As everyone knows, the job of being an academic has become more pressurised in recent years - more students, more paperwork, more accountability. It is therefore not considered as pleasant as it once was. Even so, many academics believe it is preferable.

One such is Nicholas Barr, senior lecturer in economics at the LSE. He is on leave of absence this year working at the World Bank in Washington DC. Dr Barr has carved out a niche through his research on welfare safety nets.

Going to Washington is stimulating for him. It enables him to meet new people, to travel and to influence thinking at an international level.

But Dr Barr has no intention of leaving the LSE. "It gives me the freedom to pursue the work I want to pursue," he says. "It doesn't give me power or money, but I am not into those things."

Such thoughts are echoed by Peter Hennessey, professor of contemporary history at Queen Mary and Westfield College, who is able to view academe from a different perspective. In his former life Hennessey was a Times journalist. He points to the status that comes from being a professor. People take him far more seriously now he is an academic.

Academe may not be brilliantly paid. (The minimum professorial salary is Pounds 32,000 a year.) "I don't want any perks," Hennessey says. "I want the company of intelligent, decent people and I get it here in buckets.
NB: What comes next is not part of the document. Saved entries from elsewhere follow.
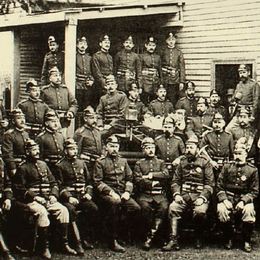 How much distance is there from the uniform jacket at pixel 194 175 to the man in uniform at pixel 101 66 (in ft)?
11.9

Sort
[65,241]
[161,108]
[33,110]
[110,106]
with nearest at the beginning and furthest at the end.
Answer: [65,241]
[33,110]
[110,106]
[161,108]

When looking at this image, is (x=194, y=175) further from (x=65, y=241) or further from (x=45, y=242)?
(x=45, y=242)

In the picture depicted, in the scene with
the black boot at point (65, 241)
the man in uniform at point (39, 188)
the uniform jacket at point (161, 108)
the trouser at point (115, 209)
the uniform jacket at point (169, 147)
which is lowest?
the black boot at point (65, 241)

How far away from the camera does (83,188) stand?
28.4 feet

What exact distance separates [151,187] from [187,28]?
5474mm

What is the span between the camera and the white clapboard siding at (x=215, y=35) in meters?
12.0

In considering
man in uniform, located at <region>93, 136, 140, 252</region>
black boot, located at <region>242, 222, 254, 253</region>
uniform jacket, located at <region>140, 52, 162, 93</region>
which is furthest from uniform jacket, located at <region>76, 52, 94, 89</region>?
black boot, located at <region>242, 222, 254, 253</region>

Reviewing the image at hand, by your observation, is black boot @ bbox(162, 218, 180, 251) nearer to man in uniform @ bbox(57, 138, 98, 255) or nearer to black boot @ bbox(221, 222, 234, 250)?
black boot @ bbox(221, 222, 234, 250)

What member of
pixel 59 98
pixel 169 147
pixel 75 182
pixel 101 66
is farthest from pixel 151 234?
pixel 101 66

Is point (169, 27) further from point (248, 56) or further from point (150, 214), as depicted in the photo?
point (150, 214)

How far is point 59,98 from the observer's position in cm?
1063

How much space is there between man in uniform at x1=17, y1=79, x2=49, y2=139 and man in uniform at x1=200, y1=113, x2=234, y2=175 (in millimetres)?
2847

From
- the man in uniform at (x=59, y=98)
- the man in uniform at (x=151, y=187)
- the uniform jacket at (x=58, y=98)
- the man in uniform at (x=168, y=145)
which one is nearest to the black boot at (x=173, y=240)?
the man in uniform at (x=151, y=187)

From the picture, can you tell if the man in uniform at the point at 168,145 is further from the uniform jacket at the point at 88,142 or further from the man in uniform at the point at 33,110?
the man in uniform at the point at 33,110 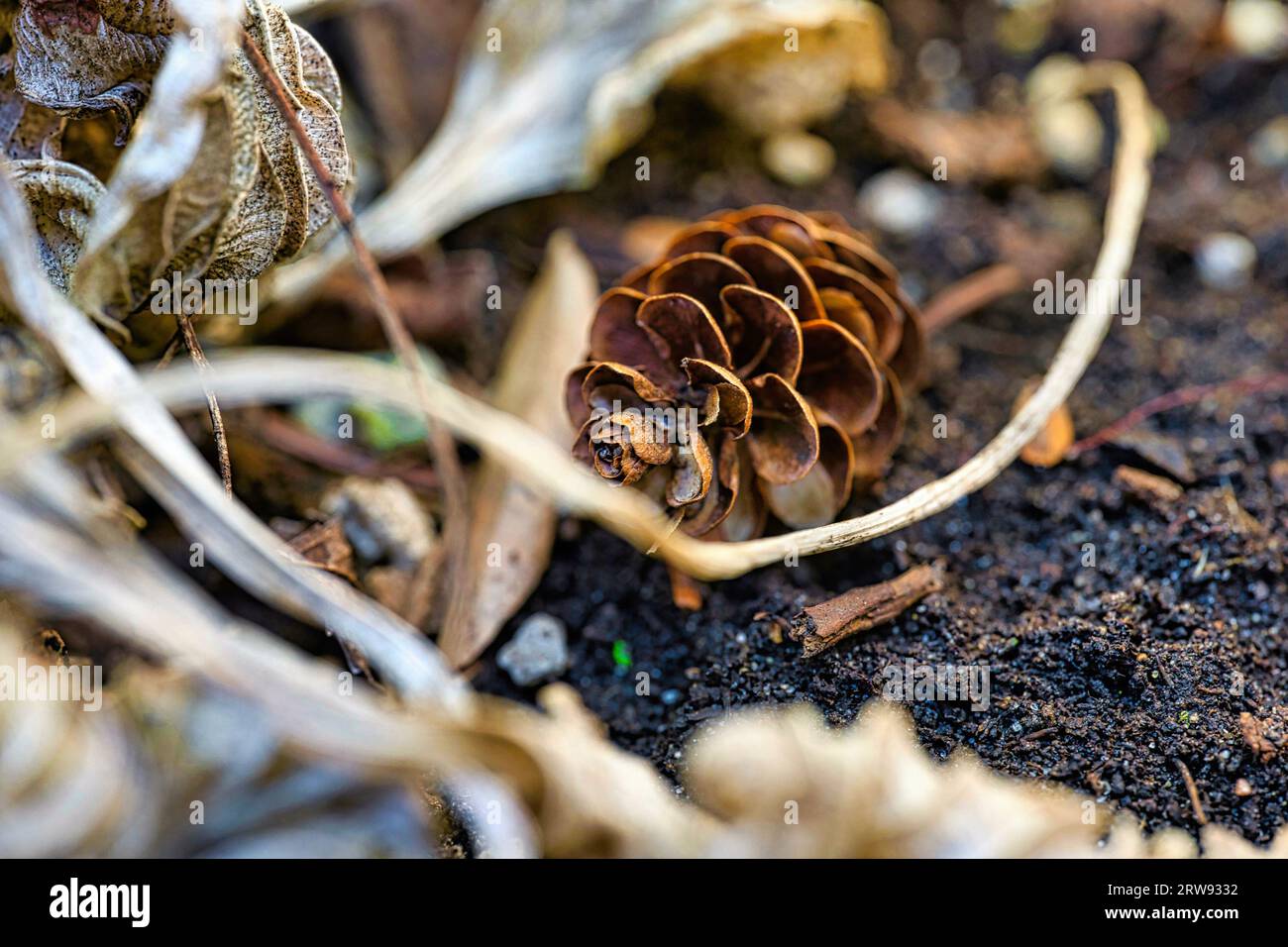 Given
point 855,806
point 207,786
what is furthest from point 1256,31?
point 207,786

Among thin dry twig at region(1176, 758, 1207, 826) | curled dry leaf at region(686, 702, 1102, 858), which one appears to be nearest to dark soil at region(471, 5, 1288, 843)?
thin dry twig at region(1176, 758, 1207, 826)

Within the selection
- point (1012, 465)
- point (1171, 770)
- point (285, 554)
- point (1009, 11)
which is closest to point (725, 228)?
point (1012, 465)

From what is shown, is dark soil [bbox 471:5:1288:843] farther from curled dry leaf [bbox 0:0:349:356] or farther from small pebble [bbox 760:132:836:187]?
curled dry leaf [bbox 0:0:349:356]

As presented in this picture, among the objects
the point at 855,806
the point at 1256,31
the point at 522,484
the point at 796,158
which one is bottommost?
the point at 855,806

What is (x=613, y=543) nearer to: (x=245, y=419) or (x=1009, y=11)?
(x=245, y=419)

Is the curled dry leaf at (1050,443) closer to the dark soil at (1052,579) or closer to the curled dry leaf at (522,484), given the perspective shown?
the dark soil at (1052,579)

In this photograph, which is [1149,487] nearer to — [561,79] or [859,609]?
[859,609] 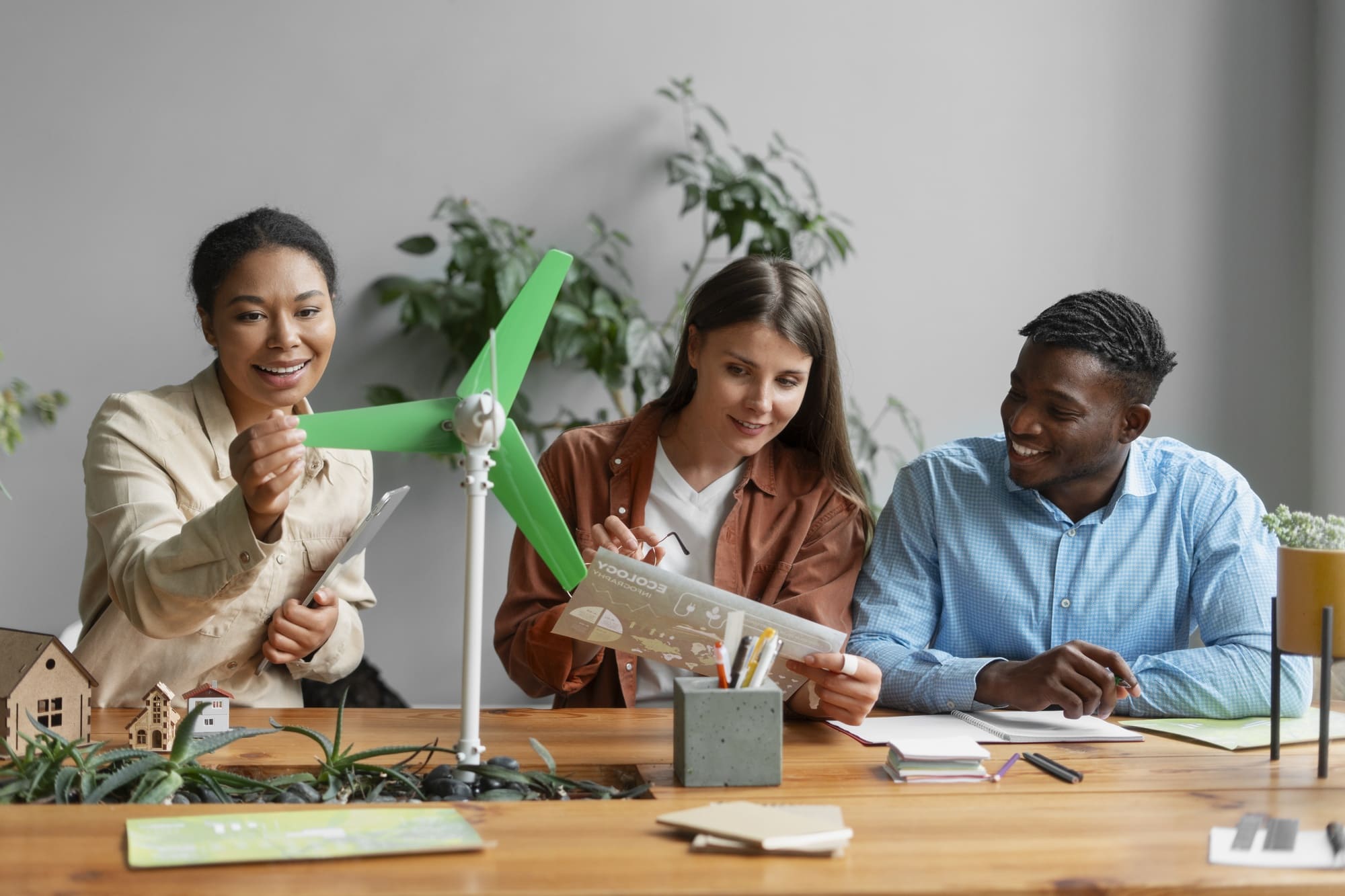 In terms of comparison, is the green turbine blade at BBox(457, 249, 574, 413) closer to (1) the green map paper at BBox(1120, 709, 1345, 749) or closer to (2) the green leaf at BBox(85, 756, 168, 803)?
(2) the green leaf at BBox(85, 756, 168, 803)

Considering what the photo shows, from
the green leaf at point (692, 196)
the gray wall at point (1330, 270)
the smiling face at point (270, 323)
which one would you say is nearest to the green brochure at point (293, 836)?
the smiling face at point (270, 323)

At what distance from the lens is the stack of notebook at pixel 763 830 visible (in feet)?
3.41

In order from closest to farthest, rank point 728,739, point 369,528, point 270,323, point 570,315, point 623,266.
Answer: point 728,739, point 369,528, point 270,323, point 570,315, point 623,266

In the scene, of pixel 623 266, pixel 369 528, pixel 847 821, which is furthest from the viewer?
pixel 623 266

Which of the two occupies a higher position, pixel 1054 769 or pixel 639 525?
pixel 639 525

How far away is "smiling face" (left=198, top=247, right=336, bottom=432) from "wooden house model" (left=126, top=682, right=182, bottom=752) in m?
0.55

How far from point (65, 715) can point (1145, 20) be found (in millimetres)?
3418

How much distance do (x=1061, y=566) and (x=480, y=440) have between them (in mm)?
1091

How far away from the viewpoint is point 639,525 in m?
2.01

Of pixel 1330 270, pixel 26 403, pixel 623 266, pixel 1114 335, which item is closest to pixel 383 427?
pixel 1114 335

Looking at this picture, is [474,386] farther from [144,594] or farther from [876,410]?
[876,410]

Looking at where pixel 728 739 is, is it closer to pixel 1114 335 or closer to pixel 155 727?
pixel 155 727

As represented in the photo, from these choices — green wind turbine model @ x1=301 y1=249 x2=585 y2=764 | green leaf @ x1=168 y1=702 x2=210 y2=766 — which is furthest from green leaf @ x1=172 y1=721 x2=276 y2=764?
green wind turbine model @ x1=301 y1=249 x2=585 y2=764

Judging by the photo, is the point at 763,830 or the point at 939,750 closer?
the point at 763,830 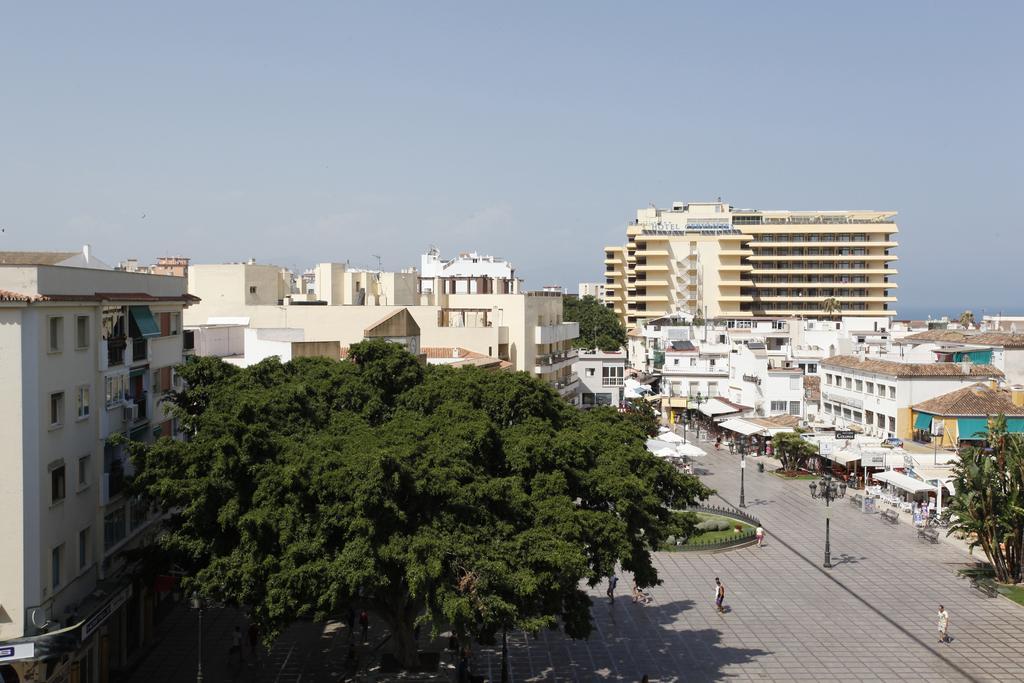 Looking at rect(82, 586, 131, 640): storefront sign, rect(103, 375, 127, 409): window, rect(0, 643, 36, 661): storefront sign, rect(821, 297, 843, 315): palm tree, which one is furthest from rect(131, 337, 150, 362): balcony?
rect(821, 297, 843, 315): palm tree

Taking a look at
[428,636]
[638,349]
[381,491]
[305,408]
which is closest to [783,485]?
[428,636]

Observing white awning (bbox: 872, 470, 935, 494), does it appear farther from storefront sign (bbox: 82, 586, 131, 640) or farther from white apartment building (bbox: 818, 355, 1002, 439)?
storefront sign (bbox: 82, 586, 131, 640)

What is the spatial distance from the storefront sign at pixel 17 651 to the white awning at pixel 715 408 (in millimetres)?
58974

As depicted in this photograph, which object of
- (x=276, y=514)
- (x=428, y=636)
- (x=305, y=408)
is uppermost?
(x=305, y=408)

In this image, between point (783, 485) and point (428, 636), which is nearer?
point (428, 636)

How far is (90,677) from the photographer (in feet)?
87.2

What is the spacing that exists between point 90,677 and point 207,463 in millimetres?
6667

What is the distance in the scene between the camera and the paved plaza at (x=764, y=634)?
28.5 m

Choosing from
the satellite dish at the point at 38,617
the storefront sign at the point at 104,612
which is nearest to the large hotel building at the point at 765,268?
the storefront sign at the point at 104,612

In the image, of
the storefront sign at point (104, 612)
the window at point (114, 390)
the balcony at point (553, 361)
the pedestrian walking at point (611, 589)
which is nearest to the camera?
the storefront sign at point (104, 612)

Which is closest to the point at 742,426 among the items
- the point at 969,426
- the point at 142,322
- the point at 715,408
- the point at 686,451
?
the point at 715,408

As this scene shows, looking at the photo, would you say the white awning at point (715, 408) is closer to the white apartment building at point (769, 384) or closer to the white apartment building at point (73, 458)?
the white apartment building at point (769, 384)

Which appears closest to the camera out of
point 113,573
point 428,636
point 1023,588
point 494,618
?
point 494,618

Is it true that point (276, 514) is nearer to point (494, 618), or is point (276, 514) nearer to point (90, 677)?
point (494, 618) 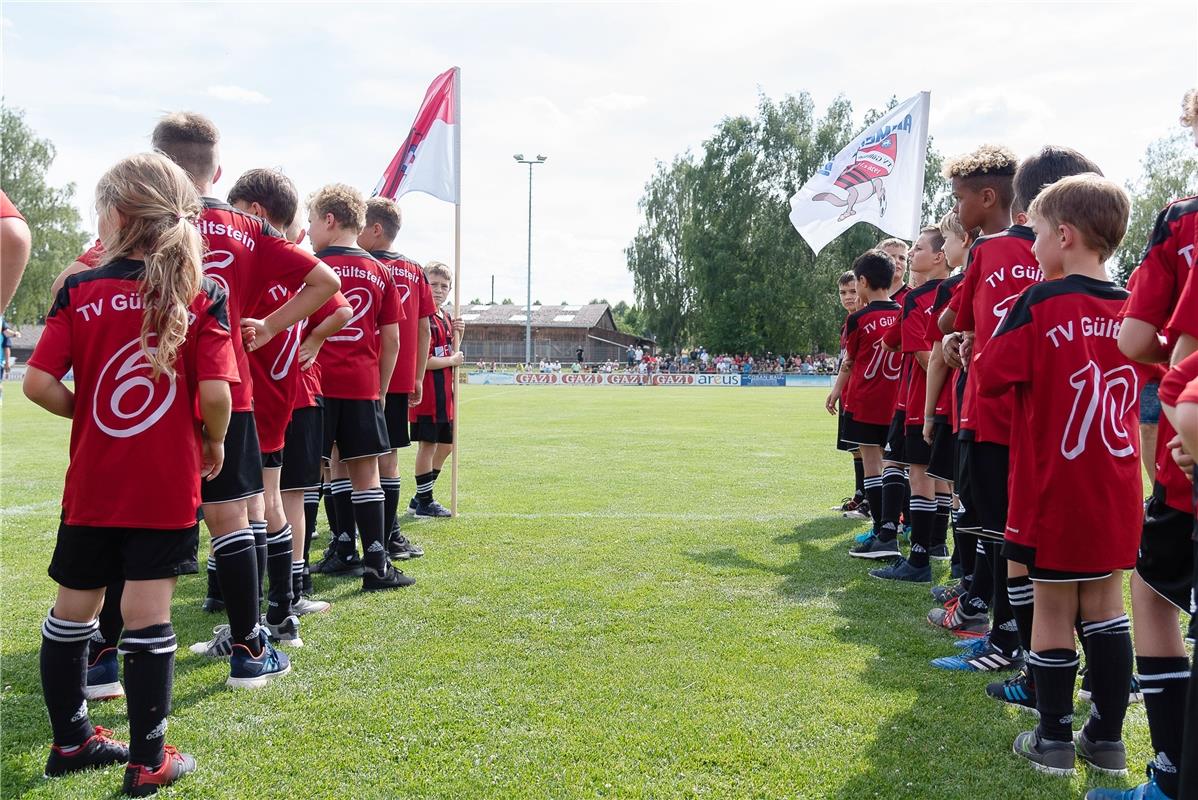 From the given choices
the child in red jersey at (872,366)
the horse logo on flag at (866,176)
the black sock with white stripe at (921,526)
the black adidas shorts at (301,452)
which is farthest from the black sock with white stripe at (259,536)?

It's worth several thousand pounds."

People like Hennessey and John Carey, Merton professor of English at Oxford, supplement their academic work with journalism. Carey is a prominent Sunday Times book reviewer who earns good money in addition to his salary. What is also important for him is being able to reach a wider audience than he would through academic books.

"That is a very good exercise for an academic because you have to make yourself intelligible," he says. He also likes being made to read books he would not otherwise read. "Deadlines keep coming up and it means you read more"he says. "I find that very stimulating because it feeds into my work."

But he would not stop being an Oxford don unless he had to. He likes the social and intellectual life; being your own boss and setting your own schedules. "It is a matter of whether you want freedom to produce your own thoughts," he says.